• **Work instructions**
Copy word for word the lines in the records below, starting at the line with "Men’s Heavy Oversized" and ending at the line with "Kit 3 Gel Mega Cera Hair Mutation - 3x250g". Skip the pictures.

• **Extracted information**
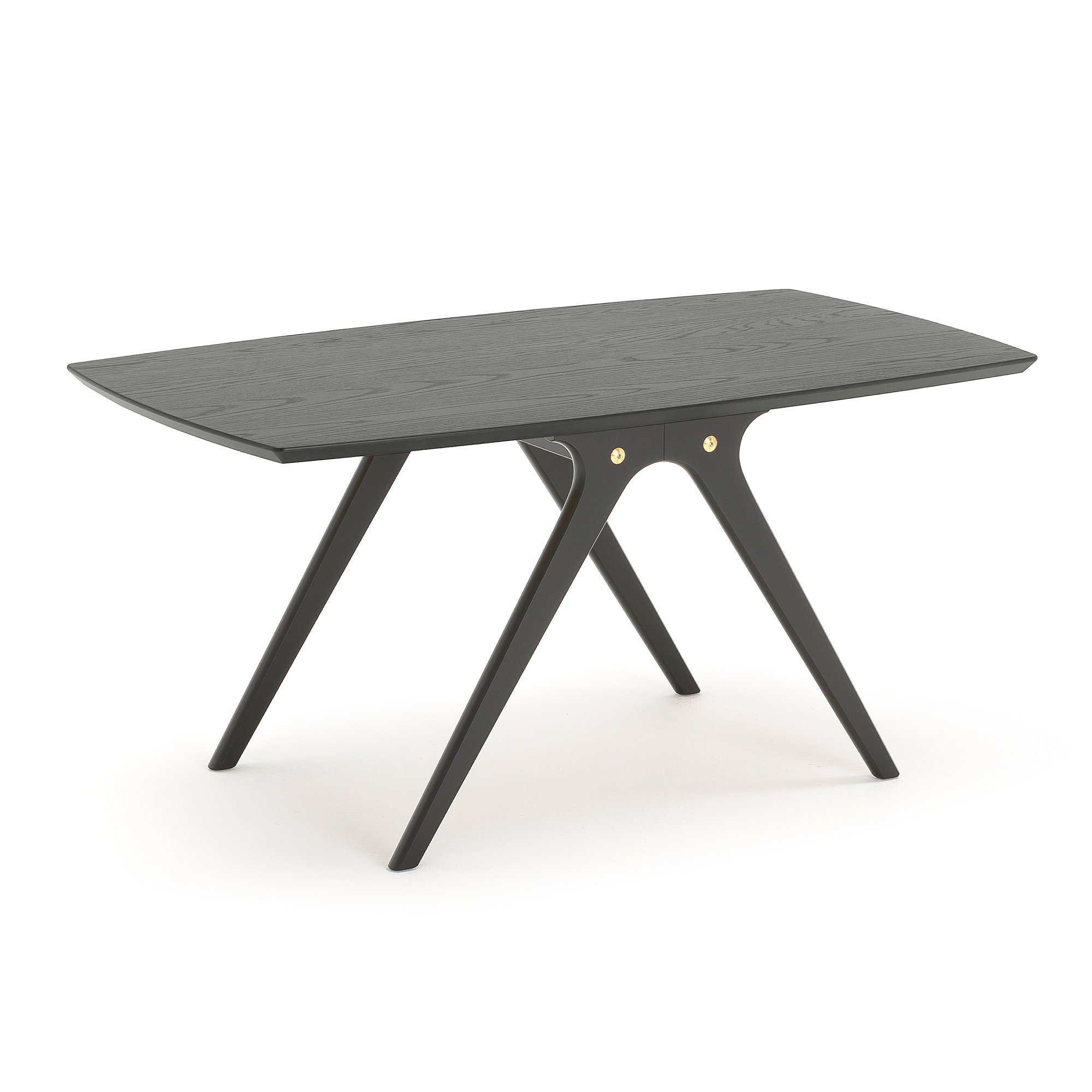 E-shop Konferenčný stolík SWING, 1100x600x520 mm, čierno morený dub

...

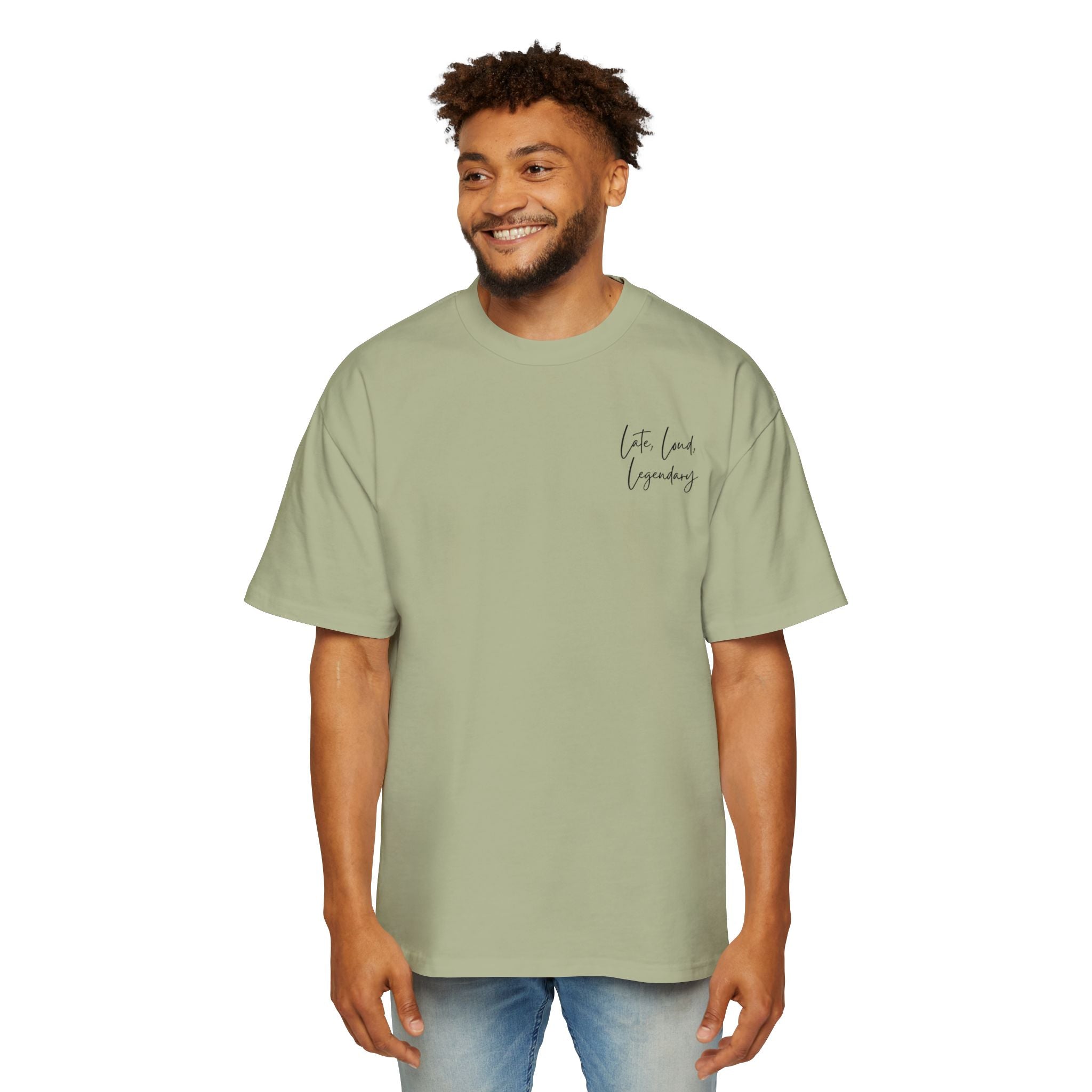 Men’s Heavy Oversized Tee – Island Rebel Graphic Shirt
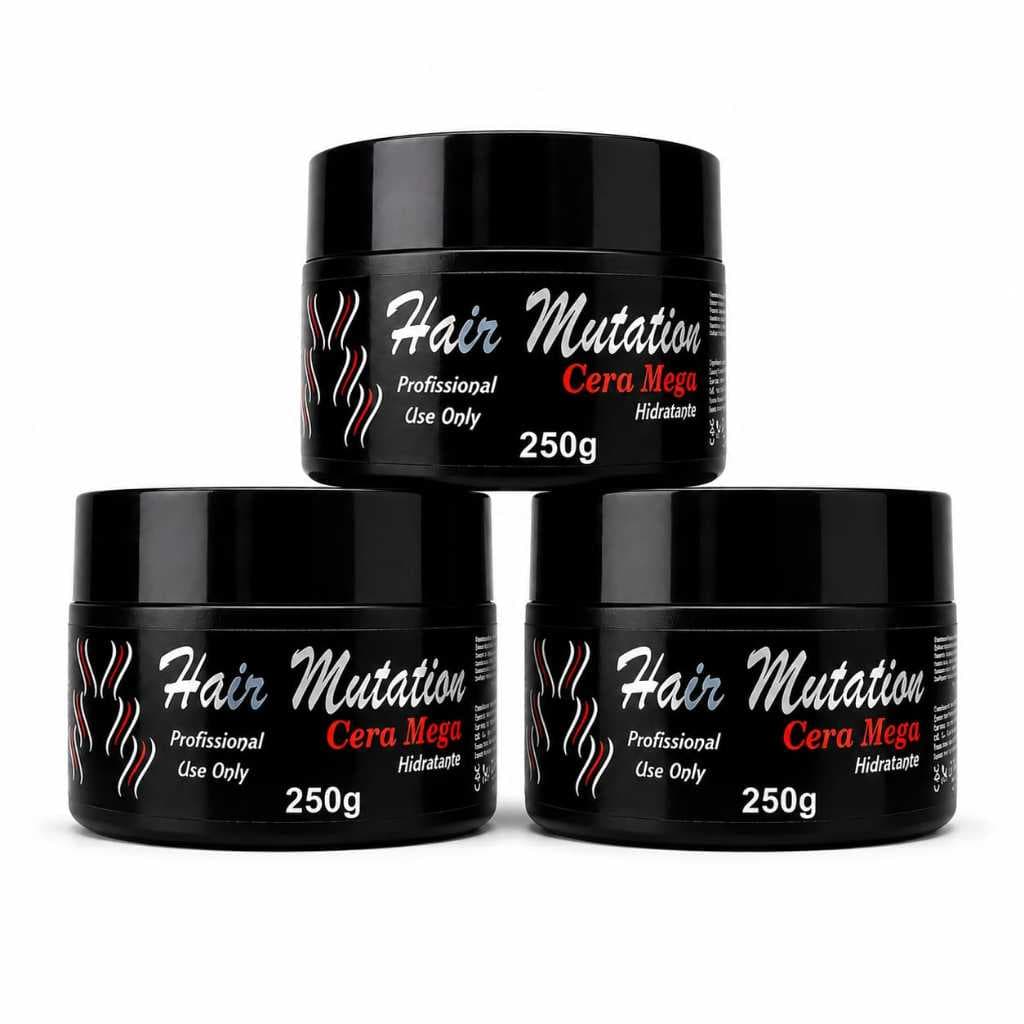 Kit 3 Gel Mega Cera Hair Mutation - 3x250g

...

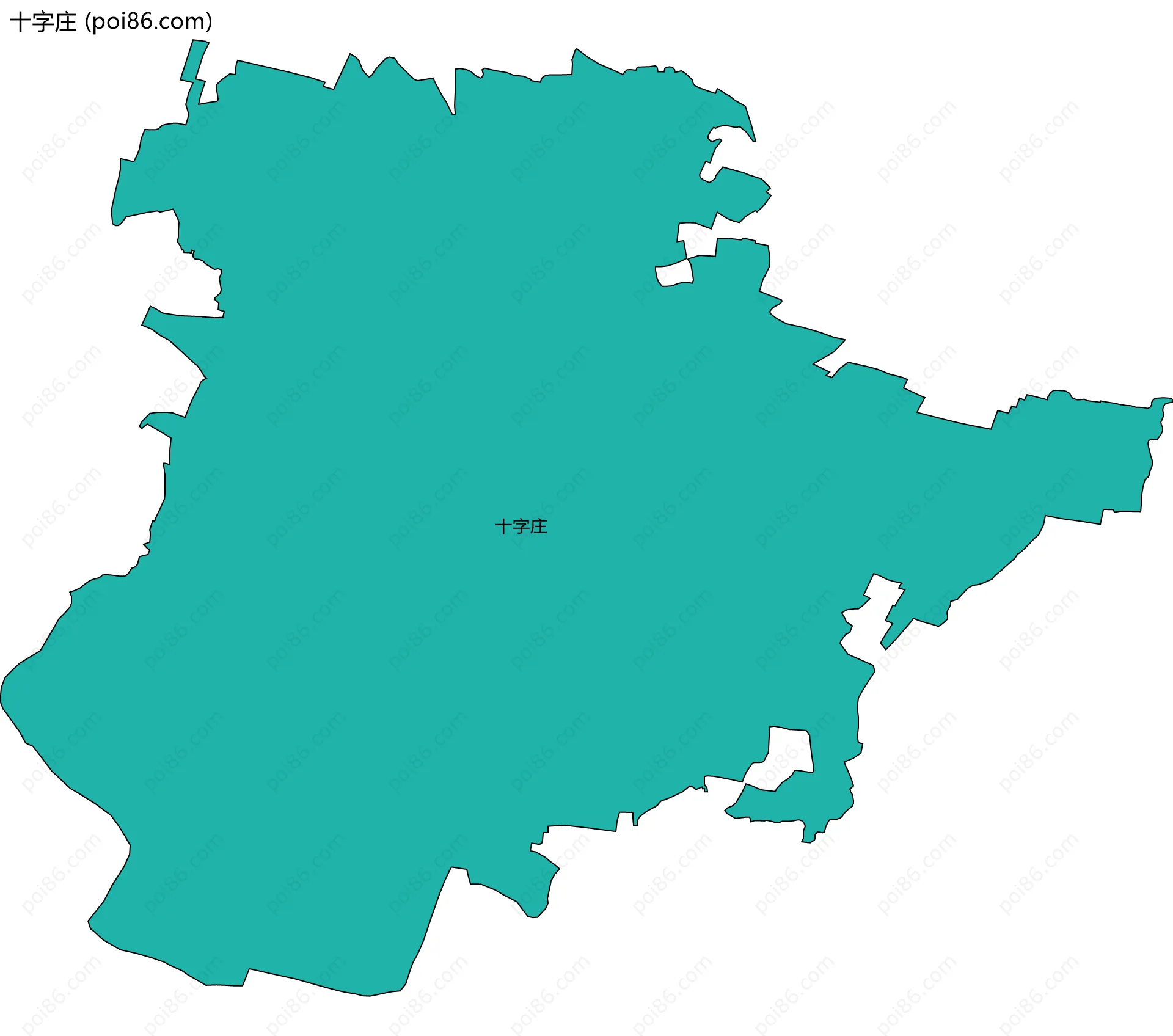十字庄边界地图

• **Completed exercise**
 Men’s Heavy Oversized Tee – Island Rebel Graphic Shirt
 Kit 3 Gel Mega Cera Hair Mutation - 3x250g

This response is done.